As used in this Agreement, the term “Initial Purchaser” shall be deemed to include any person substituted for a defaulting Initial Purchaser under this Section 16. Any action taken under this Section 16 shall not relieve any defaulting Initial Purchaser from liability in respect of any default of such Initial Purchaser under this Agreement.

SECTION 17. No Advisory or Fiduciary Responsibility. The Company acknowledges and agrees that: (i) the purchase and sale of the Securities pursuant to this Agreement, including the determination of the offering price of the Securities and any related discounts and commissions, is an arm’s-length commercial transaction between the Company, on the one hand, and the several Initial Purchasers, on the other hand, and the Company is capable of evaluating and understanding and understands and accepts the terms, risks and conditions of the transactions contemplated by this Agreement; (ii) in connection with each transaction contemplated hereby and the process leading to such transaction each Initial Purchaser is and has been acting solely as a principal and is not the agent or fiduciary of the Company or its affiliates, stockholders, creditors or employees or any other party; (iii) no Initial Purchaser has assumed or will assume an advisory or fiduciary responsibility in favor of the Company with respect to any of the transactions contemplated hereby or the process leading thereto (irrespective of whether such Initial Purchaser has advised or is currently advising the Company on other matters) or any other obligation of the Company except the obligations expressly set forth in this Agreement; (iv) the several Initial Purchasers and their respective affiliates may be engaged in a broad range of transactions that involve interests that differ from those of the Company and that the several Initial Purchasers have no obligation to disclose any of such interests by virtue of any fiduciary or advisory relationship; and (v) the Initial Purchasers have not provided any legal, accounting, regulatory or tax advice with respect to the offering contemplated hereby and the Company has consulted its own legal, accounting, regulatory and tax advisors to the extent it deemed appropriate.

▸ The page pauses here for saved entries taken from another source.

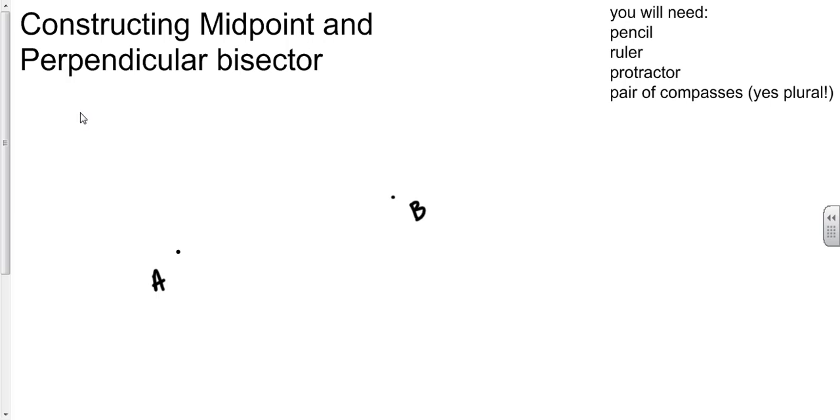Hi there, in this video we're going to be constructing both a midpoint and a perpendicular bisector. The method for midpoint is the same as the method for a perpendicular bisector.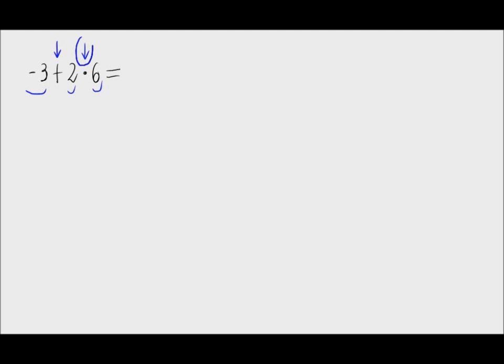So it would be negative 3 plus, we will do the addition later, this product 2 times 6, which equals 12.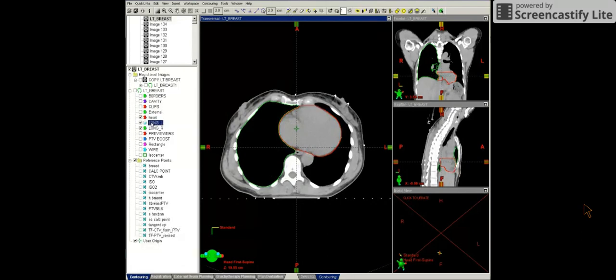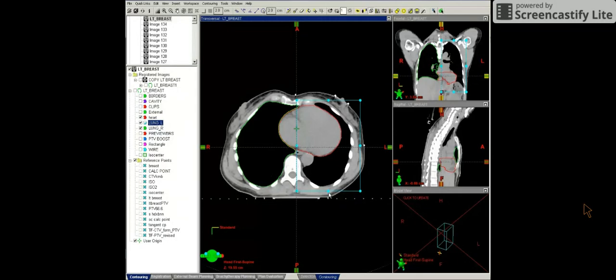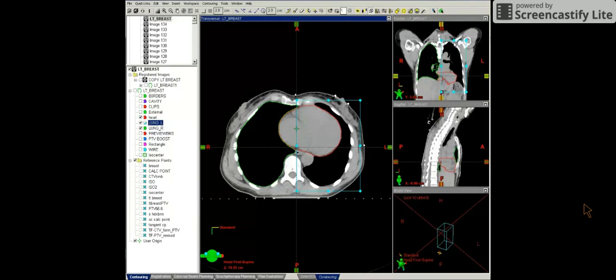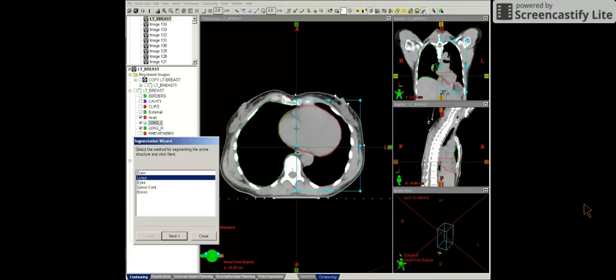And the other contours that we look at for 3D breast plan is the lung. So I'm going to show you how to contour the left lung here. I'm using the VOI bounding box. I'm making sure that it's just around the area of the lung that I want to use. So I'm checking the coronal view as well. I'm going to go to segmentation wizard. This is going to help automate the lung contour.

This Agreement supersedes all prior agreements and understandings (whether written or oral) between the Company and the several Initial Purchasers, or any of them, with respect to the subject matter hereof. The Company hereby waives and releases, to the fullest extent permitted by law, any claims that the Company may have against the several Initial Purchasers with respect to any breach or alleged breach of fiduciary duty.

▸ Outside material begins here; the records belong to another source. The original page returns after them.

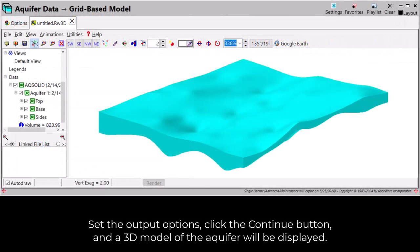Set the output options, click the continue button, and a 3D model of the aquifer will be displayed.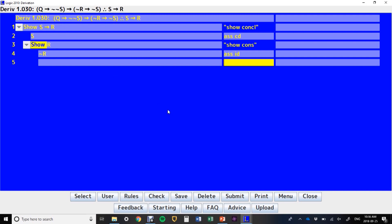What it would be nice to have is the antecedent of this conditional of premise one. If I had the antecedent of this, then I could get this conditional, if not R, then not S, and I could do something with that. So, what I have to do is write my own show line. I have to start a show line of my own and say, well, what do I want? I want this thing. So that's what I'm going to try to show.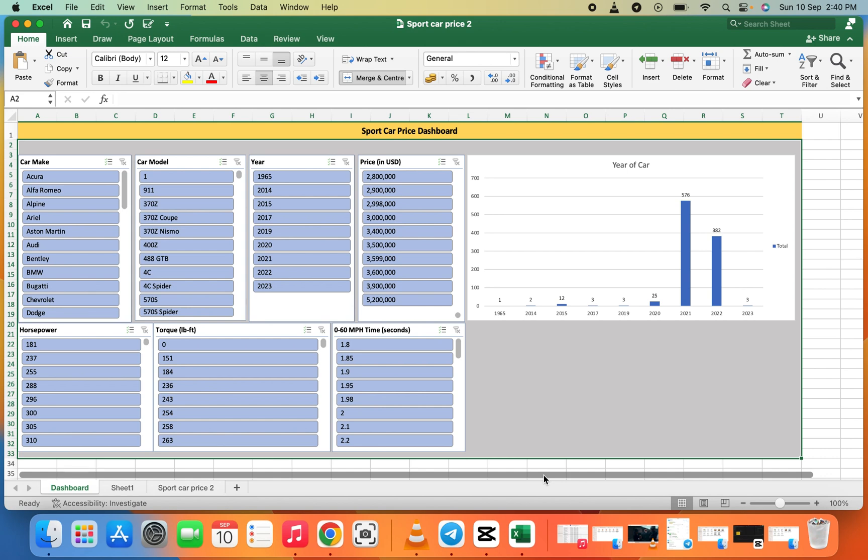Hello smart people, welcome back to this class. In today's video, I'm going to show you how to share your Excel dashboard with someone. In a previous video, we created a simple dashboard, and we are going to use it.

SECTION 18. General Provisions. This Agreement constitutes the entire agreement of the parties to this Agreement and supersedes all prior written or oral and all contemporaneous oral agreements, understandings and negotiations with respect to the subject matter hereof. This Agreement may be executed in two or more counterparts, each one of which shall be an original, with the same effect as if the signatures thereto and hereto were upon the same instrument. This Agreement may not be amended or modified unless in writing by all of the parties hereto, and no condition herein (express or implied) may be waived unless waived in writing by each party whom the condition is meant to benefit. The section headings herein are for the convenience of the parties only and shall not affect the construction or interpretation of this Agreement.

 

25


If the foregoing is in accordance with your understanding of our agreement, kindly sign and return to the Company the enclosed copies hereof, whereupon this instrument, along with all counterparts hereof, shall become a binding agreement in accordance with its terms.

 

Very truly yours,
SANDRIDGE ENERGY, INC.
By:   /s/ Tom L. Ward
  Tom L. Ward
  CEO, President and Chairman of the Board


The foregoing Purchase Agreement is hereby confirmed and accepted by the Initial Purchasers as of the date first above written.

 

DEUTSCHE BANK SECURITIES INC.
By:   /s/ W. Brooks Harris
  Name: Brooks Harris
  Title: Managing Director
By:   /s/ Michael V. Johnson
  Name: Michael V. Johnson
  Title: Managing Director


SCHEDULE A

 

Initial Purchasers

   Number of Firm
Securities

Deutsche Bank Securities Inc.

   1,350,000

Barclays Capital Inc.

   150,000

J.P. Morgan Securities Inc.

   150,000

RBC Capital Markets Corporation

   150,000

ABN AMRO Incorporated

   56,250

BBVA Securities, Inc.

   56,250

BNP Paribas Securities Corp.

   56,250

Comerica Securities, Inc.

   56,250

Scotia Capital (USA) Inc.

   56,250

SunTrust Robinson Humphrey, Inc.

   56,250

U.S. Bancorp Investments, Inc.

   56,250

Wells Fargo Securities, LLC

   56,250
    

Total

   2,250,000
    


SCHEDULE B

PERSONS DELIVERING LOCK-UP AGREEMENTS

 

   

Tom L. Ward

   

Dirk M. Van Doren

   

Matthew K. Grubb

   

Todd N. Tipton

   

Rodney E. Johnson

   

William A. Gilliland

   

Daniel W. Jordan

   

Roy T. Oliver, Jr.

   

Stuart W. Ray

   

D. Dwight Scott

   

Jeffrey S. Serota


EXHIBIT A-1

Opinion of outside counsel to the Company to be delivered pursuant to Section 5 of the Purchase Agreement.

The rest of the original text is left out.